All my life, I have longed and longed to hear him tell me just once, that he loves me, but I have waited in vain.” And he began to weep uncontrollably. It was as if he triggered off something in the young males, for one by one they stood up in turn to relate a similar experience they had in their lives. The young women remained silent realising that this was something shared by the males, to which they had never been privy. It was with great difficulty that I controlled my emotions and congratulated the speakers on their courage and eloquence and urged them to participate in the parenting programme which was part of their curriculum. The second incident was related to me by the Principal of the SERVOL school for special children on Calvary Hill. There was a young man whom we shall call James who had attended the school for three years as a slow learner and would often drop by to “checkup” on  “Miss” with whom he had developed a strong relationship. When she asked him how he was getting on he replied that he was doing very well and had secured a permanent job.  When she asked him what kind of job, he replied that he was getting good money to “watch Big Red’s back”,  Big Red being the head of a gang on the hill. To prove his point, he lifted up his shirt to disclose a revolver stuck into his belt and said “look Miss, I ain’t fooling you, I packing. (a gun).

When she remonstrated with him as to the dangers of that kind of life and urged him to look for something else, he just looked at her and simply said: “Miss, this is the only life I know.” When she told me this, I felt my heart would break at the simple honesty of the young man, “this is the only life I know” and I wept for James and the hundreds of other beautiful young people who had never experienced a father’s love and had perforce to attach themselves to gangsters as their father figures. I have argued for thirty years that unless there is a radical change in our educational system in which  the male and female teachers become role models for the young people of our country, we are spinning top in mud. I cannot tell you how many young men I have met who attribute their success in life to having met a mentor in the shape of a social worker, a sympathetic police officer or a dedicated teacher. This article is a clarion call to all the men of Trinidad and Tobago particularly those who have attained success in life and brought up their own family , to find time to be mentors of those young people who have never had the experience of the tough love which only a male can give to another male.

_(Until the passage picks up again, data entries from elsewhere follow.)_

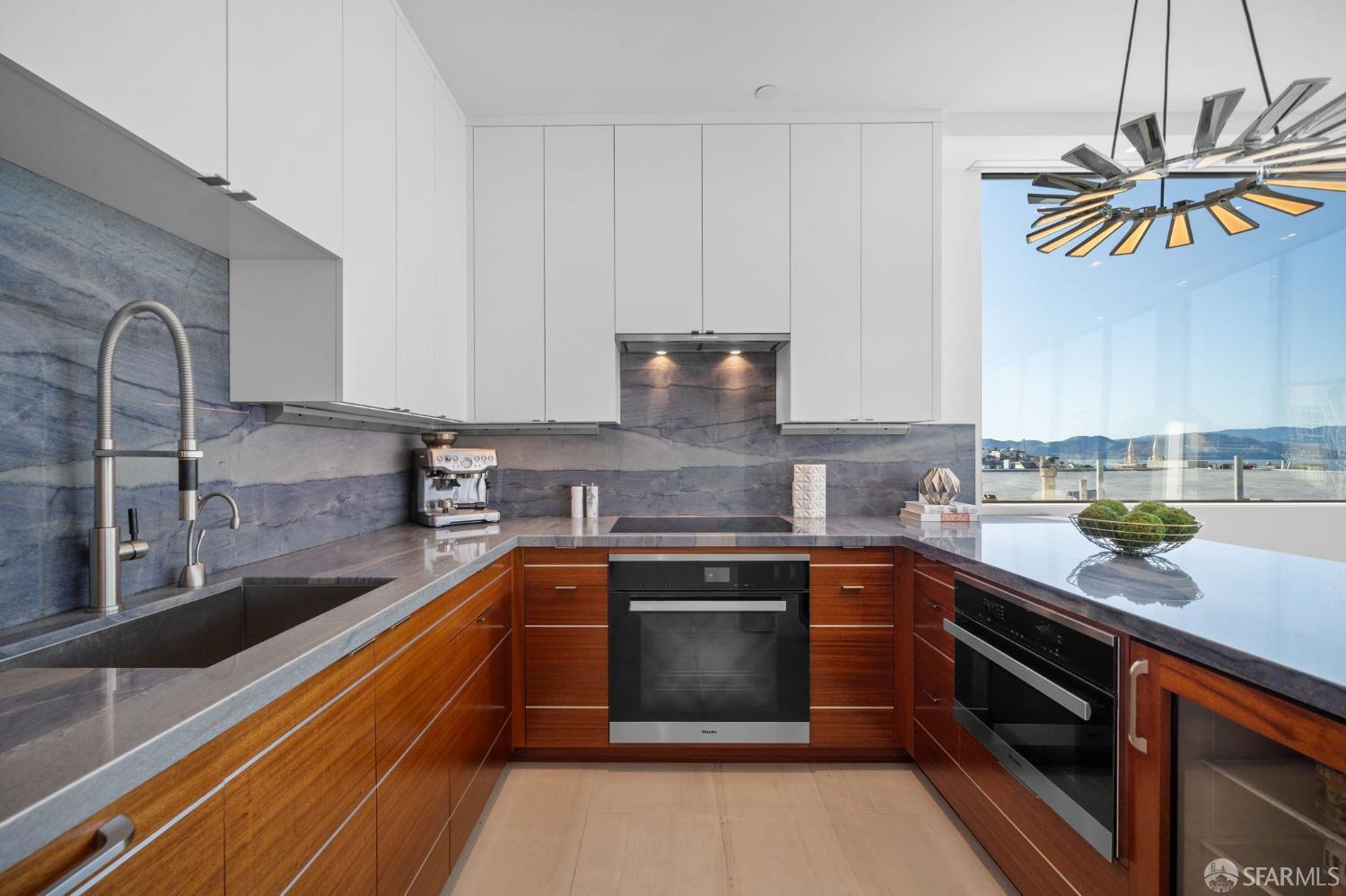 455 Vallejo Street, Unit PH6 San Francisco, CA 94133 - Photo 7 of 45 a kitchen with stainless steel appliances granite countertop a sink and cabinets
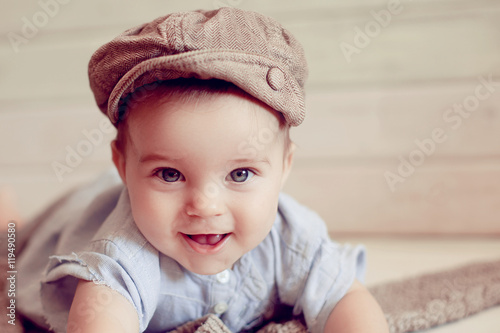 Adorable happy baby boy in a bright room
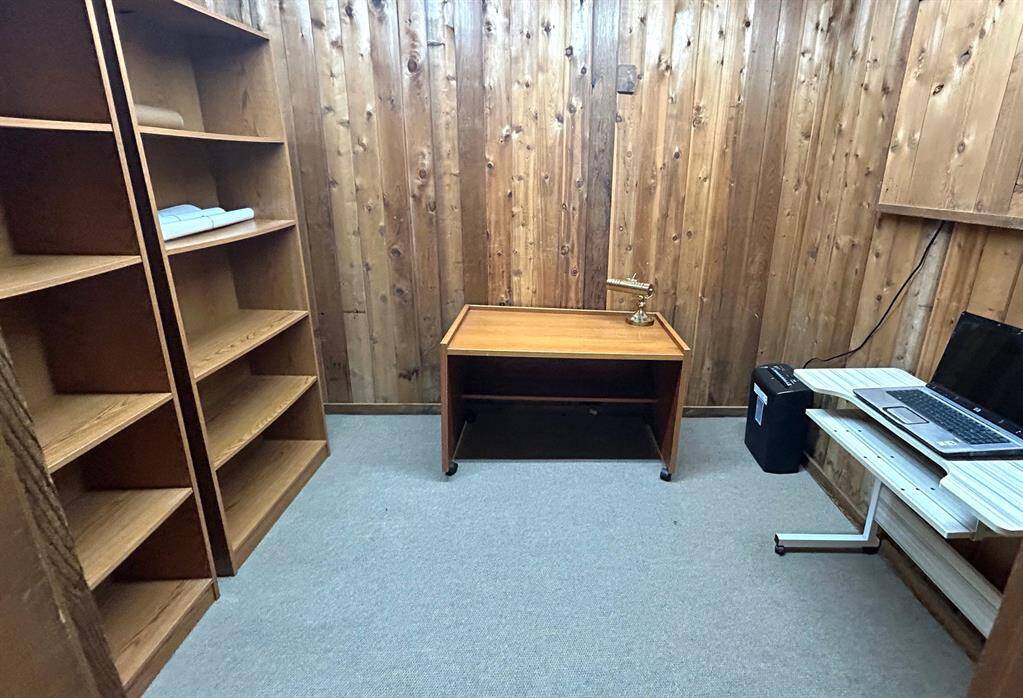 Office area located in the game room area offers a quite space to work and could also be used as a cedar closet if preferred.
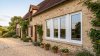 Fenêtre PVC 4 vantaux tout ouvrant sur mesure – vue extérieure, maison en pierre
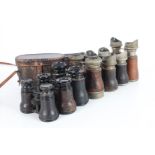 Seven Pairs of Field Glasses, four pairs of aluminium construction, three with shaped eyecups,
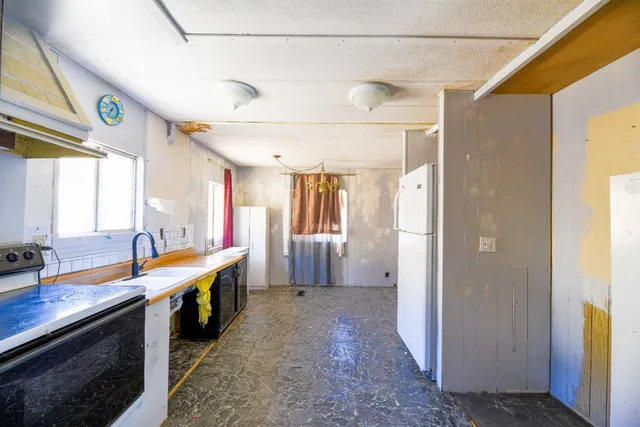 a large bathroom with a double vanity sink and a mirror
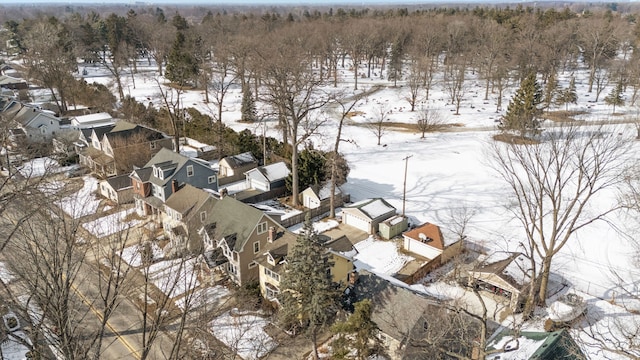 snowy aerial view with a residential view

It is also a call to all those men (especially of the upper and middle classes) who neglect their children, refuse them love, discipline and guidance and replace these with gifts of money and fast cars. If we fail our children, then, I am fearful that the words of the prophet Malachi will be fulfilled and if we do not succeed in turning the hearts of fathers towards their children and the hearts of children towards their fathers this land will be stricken with a curse.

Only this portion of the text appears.